[[ Provided records open ]]

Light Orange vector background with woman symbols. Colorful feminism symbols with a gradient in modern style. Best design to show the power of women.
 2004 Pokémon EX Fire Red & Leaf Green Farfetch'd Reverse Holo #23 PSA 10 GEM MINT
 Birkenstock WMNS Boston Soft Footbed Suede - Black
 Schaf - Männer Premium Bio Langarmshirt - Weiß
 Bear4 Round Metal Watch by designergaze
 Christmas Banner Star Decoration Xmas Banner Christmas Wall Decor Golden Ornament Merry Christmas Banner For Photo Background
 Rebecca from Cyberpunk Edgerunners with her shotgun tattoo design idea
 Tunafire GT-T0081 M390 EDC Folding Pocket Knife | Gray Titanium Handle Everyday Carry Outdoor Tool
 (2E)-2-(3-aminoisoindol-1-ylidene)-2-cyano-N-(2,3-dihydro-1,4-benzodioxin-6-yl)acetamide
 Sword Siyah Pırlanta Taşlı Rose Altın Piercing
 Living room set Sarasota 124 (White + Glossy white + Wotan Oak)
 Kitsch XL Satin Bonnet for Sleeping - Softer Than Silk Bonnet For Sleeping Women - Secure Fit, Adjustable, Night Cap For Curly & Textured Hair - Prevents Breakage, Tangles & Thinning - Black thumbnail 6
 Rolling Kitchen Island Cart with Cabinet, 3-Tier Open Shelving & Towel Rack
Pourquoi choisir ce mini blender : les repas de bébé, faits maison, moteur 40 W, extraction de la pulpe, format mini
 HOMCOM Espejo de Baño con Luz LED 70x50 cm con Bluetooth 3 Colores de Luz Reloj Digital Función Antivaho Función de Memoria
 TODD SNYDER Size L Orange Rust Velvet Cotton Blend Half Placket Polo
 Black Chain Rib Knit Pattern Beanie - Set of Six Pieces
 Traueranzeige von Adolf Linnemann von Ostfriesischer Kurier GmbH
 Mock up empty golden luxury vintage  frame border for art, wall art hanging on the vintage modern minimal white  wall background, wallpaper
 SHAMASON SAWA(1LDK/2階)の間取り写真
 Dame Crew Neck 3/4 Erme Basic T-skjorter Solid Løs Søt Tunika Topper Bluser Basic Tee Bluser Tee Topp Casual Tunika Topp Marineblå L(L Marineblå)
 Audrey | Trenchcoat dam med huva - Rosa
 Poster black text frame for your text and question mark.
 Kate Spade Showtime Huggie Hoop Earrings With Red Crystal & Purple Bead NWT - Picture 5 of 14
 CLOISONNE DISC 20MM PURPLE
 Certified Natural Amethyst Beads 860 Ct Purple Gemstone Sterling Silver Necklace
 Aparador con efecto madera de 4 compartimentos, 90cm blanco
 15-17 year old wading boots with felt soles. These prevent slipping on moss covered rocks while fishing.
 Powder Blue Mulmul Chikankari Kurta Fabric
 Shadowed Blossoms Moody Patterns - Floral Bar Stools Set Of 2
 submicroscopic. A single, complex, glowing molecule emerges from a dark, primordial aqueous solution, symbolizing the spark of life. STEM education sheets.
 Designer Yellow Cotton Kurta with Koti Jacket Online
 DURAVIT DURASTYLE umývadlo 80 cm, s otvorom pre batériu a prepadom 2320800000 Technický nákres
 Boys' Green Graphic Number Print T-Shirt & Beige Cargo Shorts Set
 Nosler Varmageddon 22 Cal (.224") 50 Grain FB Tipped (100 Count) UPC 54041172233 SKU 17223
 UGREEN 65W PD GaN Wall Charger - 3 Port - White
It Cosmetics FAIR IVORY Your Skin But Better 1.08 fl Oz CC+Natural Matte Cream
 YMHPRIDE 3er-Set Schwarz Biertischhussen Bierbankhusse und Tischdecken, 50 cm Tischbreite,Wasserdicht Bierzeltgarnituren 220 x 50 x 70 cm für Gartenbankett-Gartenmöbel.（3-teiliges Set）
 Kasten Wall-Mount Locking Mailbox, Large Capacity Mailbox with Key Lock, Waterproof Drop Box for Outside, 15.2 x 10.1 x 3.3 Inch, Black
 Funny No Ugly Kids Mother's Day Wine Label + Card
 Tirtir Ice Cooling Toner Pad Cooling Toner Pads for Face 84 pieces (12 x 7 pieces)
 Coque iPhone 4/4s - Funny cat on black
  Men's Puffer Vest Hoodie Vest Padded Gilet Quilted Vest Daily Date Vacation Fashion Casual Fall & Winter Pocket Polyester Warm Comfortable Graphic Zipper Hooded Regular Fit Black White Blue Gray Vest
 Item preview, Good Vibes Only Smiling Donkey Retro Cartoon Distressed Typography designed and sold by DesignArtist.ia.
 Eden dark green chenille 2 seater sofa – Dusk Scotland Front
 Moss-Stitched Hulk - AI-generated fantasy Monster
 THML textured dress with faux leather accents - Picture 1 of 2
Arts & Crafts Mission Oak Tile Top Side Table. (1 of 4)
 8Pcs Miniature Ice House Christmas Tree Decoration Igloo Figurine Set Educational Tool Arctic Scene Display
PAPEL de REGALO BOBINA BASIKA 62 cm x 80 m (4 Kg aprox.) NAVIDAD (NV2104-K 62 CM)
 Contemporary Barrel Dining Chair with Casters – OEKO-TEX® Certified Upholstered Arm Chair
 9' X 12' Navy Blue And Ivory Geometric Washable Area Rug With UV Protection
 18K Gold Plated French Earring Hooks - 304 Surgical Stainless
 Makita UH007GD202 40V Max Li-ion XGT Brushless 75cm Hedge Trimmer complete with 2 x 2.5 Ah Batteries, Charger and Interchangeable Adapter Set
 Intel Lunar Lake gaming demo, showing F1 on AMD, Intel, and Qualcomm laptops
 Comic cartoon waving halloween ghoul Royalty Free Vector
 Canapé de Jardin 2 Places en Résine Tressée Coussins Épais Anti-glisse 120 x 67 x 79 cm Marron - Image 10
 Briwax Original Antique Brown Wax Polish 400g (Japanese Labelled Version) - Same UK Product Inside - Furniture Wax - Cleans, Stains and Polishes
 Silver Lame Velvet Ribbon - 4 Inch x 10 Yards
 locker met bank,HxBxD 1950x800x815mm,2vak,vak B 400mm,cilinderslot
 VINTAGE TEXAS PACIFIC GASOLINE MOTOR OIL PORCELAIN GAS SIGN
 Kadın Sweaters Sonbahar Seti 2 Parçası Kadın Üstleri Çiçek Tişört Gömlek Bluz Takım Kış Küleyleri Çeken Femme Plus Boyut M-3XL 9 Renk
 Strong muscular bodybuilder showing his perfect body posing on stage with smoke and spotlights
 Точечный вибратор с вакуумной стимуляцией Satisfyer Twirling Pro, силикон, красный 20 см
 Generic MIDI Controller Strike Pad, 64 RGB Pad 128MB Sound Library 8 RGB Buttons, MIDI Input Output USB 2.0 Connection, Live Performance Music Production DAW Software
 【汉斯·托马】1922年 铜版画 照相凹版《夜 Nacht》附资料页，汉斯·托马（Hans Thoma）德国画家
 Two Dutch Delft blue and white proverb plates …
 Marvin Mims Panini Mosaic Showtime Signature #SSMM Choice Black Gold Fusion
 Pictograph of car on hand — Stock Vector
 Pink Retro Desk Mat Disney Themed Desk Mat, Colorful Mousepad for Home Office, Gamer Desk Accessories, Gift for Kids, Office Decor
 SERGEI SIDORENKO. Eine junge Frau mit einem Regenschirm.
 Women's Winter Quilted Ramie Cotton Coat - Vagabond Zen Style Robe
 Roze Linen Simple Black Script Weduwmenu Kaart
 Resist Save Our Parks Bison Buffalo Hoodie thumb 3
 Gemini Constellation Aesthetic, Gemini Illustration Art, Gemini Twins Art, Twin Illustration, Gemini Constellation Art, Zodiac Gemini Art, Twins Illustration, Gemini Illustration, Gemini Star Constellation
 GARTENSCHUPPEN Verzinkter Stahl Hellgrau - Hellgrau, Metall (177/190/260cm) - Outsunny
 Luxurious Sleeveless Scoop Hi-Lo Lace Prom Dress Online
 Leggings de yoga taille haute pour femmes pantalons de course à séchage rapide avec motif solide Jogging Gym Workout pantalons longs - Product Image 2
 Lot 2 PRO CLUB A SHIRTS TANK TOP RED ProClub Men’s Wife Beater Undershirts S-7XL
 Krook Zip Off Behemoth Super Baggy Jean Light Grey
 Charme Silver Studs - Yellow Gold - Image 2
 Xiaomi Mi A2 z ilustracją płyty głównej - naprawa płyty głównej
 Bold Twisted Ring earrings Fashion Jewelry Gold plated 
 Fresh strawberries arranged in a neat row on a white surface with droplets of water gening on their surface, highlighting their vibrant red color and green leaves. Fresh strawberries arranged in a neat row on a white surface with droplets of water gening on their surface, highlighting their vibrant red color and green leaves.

[[ Provided records closed ]]

Please transcribe only the lines in the records above running from the line that has "Точечный вибратор с" through the line that has "Marvin Mims Panini", both included, exactly as they appear.

 Точечный вибратор с вакуумной стимуляцией Satisfyer Twirling Pro, силикон, красный 20 см
 Generic MIDI Controller Strike Pad, 64 RGB Pad 128MB Sound Library 8 RGB Buttons, MIDI Input Output USB 2.0 Connection, Live Performance Music Production DAW Software
 【汉斯·托马】1922年 铜版画 照相凹版《夜 Nacht》附资料页，汉斯·托马（Hans Thoma）德国画家
 Two Dutch Delft blue and white proverb plates …
 Marvin Mims Panini Mosaic Showtime Signature #SSMM Choice Black Gold Fusion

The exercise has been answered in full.